● **What to produce**:
Your copy should match the entries exactly, except that it holds no pictures.

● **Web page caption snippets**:

----------------

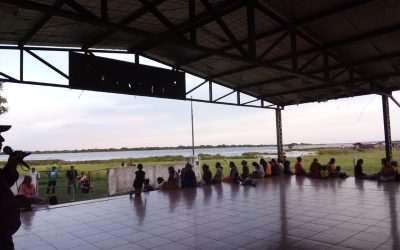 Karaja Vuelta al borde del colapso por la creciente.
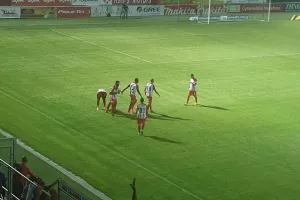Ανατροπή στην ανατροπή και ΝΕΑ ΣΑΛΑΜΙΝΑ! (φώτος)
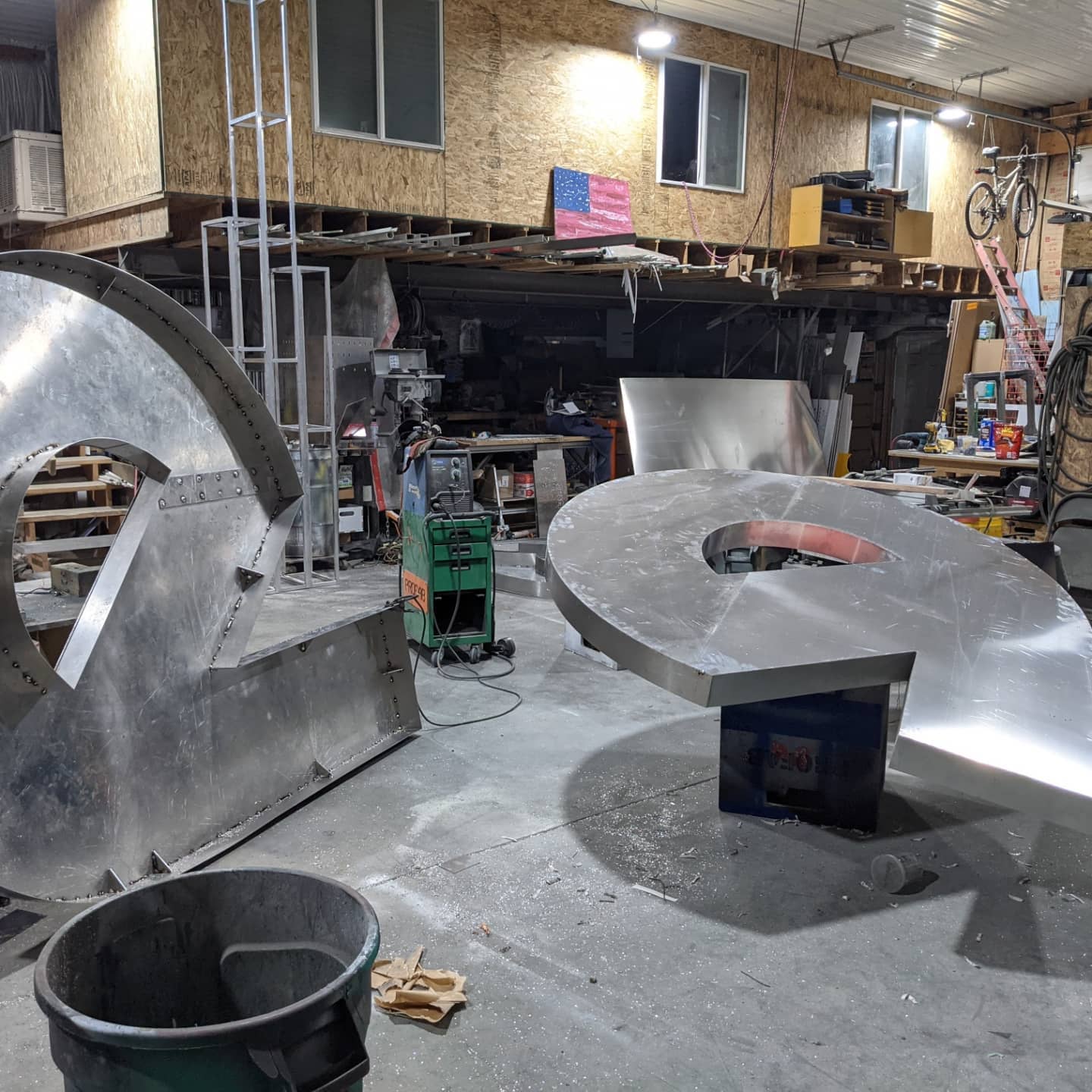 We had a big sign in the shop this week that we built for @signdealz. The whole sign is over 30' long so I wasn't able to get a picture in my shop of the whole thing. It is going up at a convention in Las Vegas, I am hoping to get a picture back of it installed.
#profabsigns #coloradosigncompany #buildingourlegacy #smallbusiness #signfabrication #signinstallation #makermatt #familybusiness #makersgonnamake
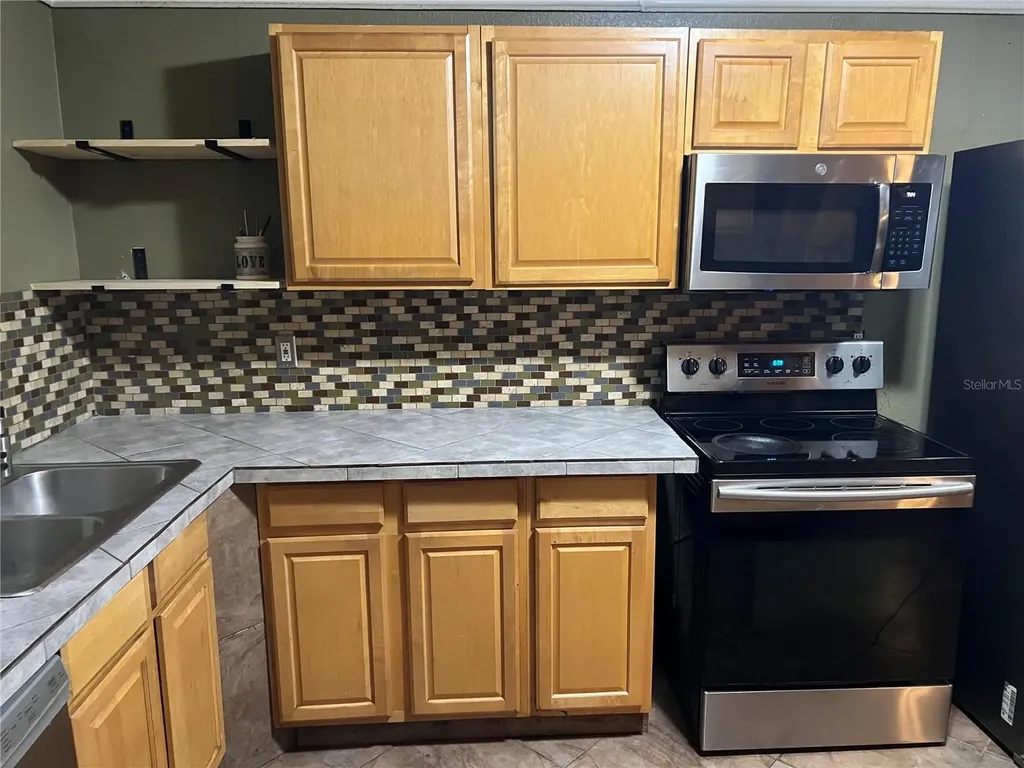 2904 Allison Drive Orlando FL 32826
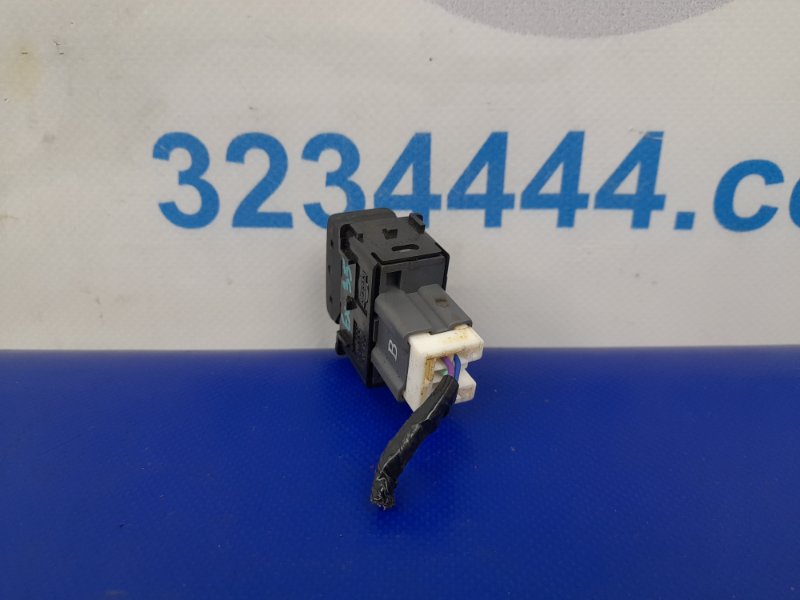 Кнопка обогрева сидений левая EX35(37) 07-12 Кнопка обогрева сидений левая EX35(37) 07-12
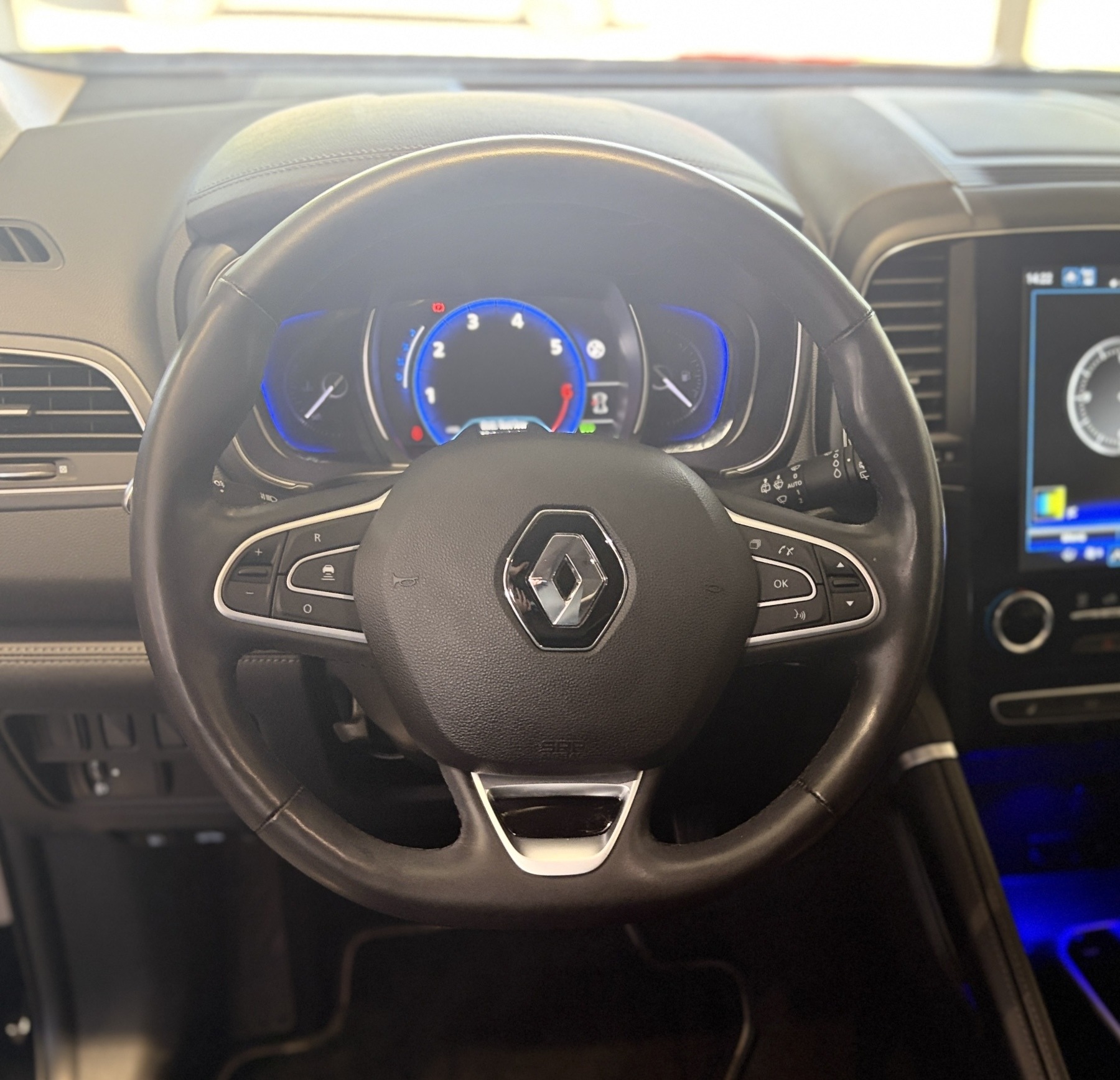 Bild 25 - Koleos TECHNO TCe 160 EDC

----------------

● **Solution to this task**:
 Karaja Vuelta al borde del colapso por la creciente.
Ανατροπή στην ανατροπή και ΝΕΑ ΣΑΛΑΜΙΝΑ! (φώτος)
 We had a big sign in the shop this week that we built for @signdealz. The whole sign is over 30' long so I wasn't able to get a picture in my shop of the whole thing. It is going up at a convention in Las Vegas, I am hoping to get a picture back of it installed.
#profabsigns #coloradosigncompany #buildingourlegacy #smallbusiness #signfabrication #signinstallation #makermatt #familybusiness #makersgonnamake
 2904 Allison Drive Orlando FL 32826
 Кнопка обогрева сидений левая EX35(37) 07-12 Кнопка обогрева сидений левая EX35(37) 07-12
 Bild 25 - Koleos TECHNO TCe 160 EDC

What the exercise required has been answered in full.